Minister of Penitentiary Services
- In office 7 June 2019 – 16 November 2020
- Preceded by: Roy Biyama
- Succeeded by: Joe Sungi [fr]

Member of the National Parliament of Papua New Guinea
- In office 8 July 2017 – 9 June 2022
- Preceded by: Puka Temu
- Constituency: Sumkar District

Personal details
- Born: Chris Yer Nangoi
- Died: 9 June 2022 Madang, Papua New Guinea
- Party: Pangu Pati United Labour Party
- Education: Papua New Guinea University of Technology

= Chris Nangoi =

Papua New Guinean politician (died 2022)

Chris Yer Nangoi (died 9 June 2022) was a Papua New Guinean politician.

==Biography==
Nangoi earned a degree in electrical and communications engineering from the Papua New Guinea University of Technology in Lae.

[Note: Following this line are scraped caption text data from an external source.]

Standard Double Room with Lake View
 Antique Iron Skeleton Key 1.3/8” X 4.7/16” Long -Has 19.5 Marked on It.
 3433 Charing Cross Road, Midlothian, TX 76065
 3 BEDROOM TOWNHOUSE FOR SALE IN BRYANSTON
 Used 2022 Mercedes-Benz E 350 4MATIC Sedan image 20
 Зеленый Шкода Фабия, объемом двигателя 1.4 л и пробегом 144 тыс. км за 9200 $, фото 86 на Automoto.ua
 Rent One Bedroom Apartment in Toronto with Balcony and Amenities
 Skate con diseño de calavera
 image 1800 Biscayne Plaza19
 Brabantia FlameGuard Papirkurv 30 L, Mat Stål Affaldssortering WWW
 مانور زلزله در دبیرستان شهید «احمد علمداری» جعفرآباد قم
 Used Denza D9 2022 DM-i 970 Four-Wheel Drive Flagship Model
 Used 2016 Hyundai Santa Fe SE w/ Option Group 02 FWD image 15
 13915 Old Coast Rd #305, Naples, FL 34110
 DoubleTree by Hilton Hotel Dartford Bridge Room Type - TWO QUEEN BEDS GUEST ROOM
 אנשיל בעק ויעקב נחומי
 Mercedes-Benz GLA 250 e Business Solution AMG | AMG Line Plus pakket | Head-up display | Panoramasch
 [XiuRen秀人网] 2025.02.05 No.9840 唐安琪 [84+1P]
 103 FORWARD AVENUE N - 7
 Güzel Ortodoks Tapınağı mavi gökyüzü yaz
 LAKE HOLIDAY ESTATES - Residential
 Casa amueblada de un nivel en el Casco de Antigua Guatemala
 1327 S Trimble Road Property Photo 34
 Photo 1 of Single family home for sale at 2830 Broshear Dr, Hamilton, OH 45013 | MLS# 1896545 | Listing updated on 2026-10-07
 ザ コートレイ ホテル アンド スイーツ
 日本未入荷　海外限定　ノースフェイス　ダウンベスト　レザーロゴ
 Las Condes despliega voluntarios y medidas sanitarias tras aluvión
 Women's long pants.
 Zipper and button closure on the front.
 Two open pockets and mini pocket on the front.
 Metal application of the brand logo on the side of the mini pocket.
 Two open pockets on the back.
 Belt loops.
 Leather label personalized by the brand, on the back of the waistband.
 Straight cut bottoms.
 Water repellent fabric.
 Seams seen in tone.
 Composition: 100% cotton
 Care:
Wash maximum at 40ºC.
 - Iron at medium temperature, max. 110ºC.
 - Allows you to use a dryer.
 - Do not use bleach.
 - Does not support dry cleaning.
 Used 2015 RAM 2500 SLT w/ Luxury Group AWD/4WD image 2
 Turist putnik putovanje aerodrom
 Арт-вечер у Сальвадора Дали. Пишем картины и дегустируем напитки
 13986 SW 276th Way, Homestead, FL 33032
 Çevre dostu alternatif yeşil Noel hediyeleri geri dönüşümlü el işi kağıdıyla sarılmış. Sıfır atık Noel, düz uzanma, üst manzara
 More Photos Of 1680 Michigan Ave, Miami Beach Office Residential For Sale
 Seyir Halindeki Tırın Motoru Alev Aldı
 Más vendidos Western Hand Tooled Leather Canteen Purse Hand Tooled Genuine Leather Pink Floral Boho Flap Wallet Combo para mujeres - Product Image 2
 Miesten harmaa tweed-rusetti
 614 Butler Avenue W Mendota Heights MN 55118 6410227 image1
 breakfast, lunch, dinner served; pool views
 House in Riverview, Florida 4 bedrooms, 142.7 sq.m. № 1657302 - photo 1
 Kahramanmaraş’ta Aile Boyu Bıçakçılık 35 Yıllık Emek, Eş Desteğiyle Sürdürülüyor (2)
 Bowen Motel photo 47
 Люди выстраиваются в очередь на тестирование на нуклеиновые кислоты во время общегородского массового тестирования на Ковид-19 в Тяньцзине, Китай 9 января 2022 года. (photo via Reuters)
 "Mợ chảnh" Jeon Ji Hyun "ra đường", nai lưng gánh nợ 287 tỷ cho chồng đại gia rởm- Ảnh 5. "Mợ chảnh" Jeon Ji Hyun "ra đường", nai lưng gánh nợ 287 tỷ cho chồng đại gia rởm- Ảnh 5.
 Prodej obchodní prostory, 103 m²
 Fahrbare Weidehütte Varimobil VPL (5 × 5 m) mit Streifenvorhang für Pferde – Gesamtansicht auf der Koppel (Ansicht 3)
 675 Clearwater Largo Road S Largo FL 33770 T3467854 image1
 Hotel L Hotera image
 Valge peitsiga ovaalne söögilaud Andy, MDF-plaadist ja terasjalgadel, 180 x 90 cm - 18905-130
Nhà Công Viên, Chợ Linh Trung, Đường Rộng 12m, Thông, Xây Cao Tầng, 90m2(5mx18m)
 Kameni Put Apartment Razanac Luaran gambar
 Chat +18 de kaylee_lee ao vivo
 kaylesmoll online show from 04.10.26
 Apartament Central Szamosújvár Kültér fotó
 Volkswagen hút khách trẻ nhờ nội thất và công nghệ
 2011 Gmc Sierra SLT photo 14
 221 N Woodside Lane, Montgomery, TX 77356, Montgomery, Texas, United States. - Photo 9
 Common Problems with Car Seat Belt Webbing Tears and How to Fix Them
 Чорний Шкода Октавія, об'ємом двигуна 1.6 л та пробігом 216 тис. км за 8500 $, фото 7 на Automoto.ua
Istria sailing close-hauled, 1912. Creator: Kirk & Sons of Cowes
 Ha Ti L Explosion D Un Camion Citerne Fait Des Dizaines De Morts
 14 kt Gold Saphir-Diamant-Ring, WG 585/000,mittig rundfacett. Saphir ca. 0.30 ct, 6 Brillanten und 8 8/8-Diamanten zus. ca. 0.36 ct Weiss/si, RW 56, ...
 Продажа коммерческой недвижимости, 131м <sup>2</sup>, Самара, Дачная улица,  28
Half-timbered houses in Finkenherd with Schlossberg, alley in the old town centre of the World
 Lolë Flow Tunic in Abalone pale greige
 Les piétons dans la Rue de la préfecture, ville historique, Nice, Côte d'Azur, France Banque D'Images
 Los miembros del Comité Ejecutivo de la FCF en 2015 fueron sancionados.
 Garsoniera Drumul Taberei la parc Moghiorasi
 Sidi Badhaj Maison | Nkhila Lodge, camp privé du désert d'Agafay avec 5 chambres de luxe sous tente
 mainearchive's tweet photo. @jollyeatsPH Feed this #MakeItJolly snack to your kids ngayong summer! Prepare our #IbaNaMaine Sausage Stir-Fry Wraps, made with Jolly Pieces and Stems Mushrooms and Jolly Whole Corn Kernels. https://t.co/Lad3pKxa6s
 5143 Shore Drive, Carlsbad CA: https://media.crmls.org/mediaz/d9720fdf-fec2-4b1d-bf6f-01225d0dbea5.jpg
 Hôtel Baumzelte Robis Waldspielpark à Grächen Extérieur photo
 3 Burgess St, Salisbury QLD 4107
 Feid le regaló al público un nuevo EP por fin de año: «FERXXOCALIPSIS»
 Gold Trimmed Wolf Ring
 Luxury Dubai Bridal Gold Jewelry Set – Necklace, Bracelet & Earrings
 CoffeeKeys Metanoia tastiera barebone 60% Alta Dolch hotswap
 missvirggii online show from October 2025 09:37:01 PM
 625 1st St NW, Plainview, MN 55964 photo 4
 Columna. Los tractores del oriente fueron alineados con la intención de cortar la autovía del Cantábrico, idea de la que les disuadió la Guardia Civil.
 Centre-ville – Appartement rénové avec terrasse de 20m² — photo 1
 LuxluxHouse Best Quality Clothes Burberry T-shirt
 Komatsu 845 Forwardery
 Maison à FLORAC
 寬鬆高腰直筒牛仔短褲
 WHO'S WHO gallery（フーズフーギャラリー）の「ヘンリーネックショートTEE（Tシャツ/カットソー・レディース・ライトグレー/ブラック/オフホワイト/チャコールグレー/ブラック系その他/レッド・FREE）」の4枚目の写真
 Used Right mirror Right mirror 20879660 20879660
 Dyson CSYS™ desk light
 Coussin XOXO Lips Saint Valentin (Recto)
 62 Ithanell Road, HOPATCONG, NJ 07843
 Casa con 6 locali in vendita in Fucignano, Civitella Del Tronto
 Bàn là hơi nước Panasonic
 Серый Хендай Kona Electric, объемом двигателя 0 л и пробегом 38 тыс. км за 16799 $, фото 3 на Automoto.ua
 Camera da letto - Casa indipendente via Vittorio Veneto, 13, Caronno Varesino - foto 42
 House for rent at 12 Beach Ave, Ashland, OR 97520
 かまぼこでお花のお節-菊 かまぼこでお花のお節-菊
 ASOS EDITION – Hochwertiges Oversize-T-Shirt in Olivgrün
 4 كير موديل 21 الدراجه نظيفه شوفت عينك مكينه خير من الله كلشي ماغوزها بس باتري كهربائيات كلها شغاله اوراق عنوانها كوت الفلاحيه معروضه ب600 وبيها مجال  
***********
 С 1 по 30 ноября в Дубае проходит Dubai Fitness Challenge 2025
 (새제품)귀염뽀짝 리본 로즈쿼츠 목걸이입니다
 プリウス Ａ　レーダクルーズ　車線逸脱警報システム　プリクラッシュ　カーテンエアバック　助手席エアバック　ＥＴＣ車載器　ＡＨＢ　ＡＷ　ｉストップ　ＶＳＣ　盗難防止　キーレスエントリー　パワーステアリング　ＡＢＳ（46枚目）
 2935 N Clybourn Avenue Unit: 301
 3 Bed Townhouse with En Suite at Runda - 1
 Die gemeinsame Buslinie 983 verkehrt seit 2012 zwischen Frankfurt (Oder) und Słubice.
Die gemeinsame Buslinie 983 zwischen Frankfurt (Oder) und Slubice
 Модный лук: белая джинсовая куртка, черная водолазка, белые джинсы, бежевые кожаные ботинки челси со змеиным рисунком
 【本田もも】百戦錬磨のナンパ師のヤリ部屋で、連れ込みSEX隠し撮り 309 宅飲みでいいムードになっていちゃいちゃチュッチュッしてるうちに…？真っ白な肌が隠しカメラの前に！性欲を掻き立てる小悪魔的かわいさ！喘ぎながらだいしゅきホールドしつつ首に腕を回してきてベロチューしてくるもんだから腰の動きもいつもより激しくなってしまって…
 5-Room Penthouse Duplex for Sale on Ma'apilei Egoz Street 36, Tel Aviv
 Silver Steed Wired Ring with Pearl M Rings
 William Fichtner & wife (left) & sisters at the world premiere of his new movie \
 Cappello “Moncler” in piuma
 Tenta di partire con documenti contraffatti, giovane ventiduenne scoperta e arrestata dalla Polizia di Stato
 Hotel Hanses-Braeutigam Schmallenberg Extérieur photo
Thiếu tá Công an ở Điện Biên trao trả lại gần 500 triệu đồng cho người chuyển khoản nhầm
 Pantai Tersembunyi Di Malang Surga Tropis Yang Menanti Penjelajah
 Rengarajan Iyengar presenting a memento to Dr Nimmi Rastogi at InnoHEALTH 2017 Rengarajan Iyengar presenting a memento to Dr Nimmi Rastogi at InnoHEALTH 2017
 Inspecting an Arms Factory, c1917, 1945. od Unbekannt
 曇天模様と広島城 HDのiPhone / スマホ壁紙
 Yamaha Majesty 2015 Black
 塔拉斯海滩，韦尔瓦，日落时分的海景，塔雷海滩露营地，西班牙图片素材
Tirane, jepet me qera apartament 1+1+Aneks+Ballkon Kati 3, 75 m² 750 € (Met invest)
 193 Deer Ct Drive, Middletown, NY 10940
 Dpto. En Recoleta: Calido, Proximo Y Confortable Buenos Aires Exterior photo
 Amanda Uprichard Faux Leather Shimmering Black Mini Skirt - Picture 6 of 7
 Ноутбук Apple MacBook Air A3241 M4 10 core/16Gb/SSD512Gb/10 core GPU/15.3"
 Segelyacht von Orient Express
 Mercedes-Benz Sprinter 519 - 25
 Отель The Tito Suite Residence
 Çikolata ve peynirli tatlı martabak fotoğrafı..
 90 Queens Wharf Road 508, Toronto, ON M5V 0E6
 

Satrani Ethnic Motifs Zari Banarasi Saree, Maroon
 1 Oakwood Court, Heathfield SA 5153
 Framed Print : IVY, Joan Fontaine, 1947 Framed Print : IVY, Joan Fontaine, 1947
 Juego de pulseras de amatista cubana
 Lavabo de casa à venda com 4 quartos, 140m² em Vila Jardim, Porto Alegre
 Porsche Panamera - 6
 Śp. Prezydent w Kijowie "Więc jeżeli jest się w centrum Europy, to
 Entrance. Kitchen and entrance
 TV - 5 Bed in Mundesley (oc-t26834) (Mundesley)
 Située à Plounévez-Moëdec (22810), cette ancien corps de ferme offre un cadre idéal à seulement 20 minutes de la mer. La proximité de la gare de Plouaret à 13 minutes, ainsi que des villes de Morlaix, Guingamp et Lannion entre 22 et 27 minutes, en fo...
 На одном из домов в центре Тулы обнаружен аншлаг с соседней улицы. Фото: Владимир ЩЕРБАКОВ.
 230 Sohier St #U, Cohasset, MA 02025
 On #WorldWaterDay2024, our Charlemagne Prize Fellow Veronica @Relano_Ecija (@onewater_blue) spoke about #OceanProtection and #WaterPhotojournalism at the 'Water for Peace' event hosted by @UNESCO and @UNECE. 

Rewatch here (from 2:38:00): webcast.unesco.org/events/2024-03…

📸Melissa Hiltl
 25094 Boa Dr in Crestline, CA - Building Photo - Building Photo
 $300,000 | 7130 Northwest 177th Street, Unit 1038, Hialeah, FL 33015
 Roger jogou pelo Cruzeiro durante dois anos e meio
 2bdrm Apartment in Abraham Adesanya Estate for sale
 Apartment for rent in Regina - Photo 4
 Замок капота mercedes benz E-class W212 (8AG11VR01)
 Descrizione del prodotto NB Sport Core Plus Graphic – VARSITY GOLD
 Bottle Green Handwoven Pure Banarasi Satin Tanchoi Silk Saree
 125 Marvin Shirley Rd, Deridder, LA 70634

In 2017, he was elected to the National Parliament, where he represented the Sumkar District for the Pangu Party. From June 2019 to November 2020 he was Minister of Penitentiary Services in the cabinet of Prime Minister James Marape. In 2019, he was one of the founders of the United Labour Party, a party to the Papua New Guinea Trade Union Congress.

Chris Nangoi died in Madang on 9 June 2022.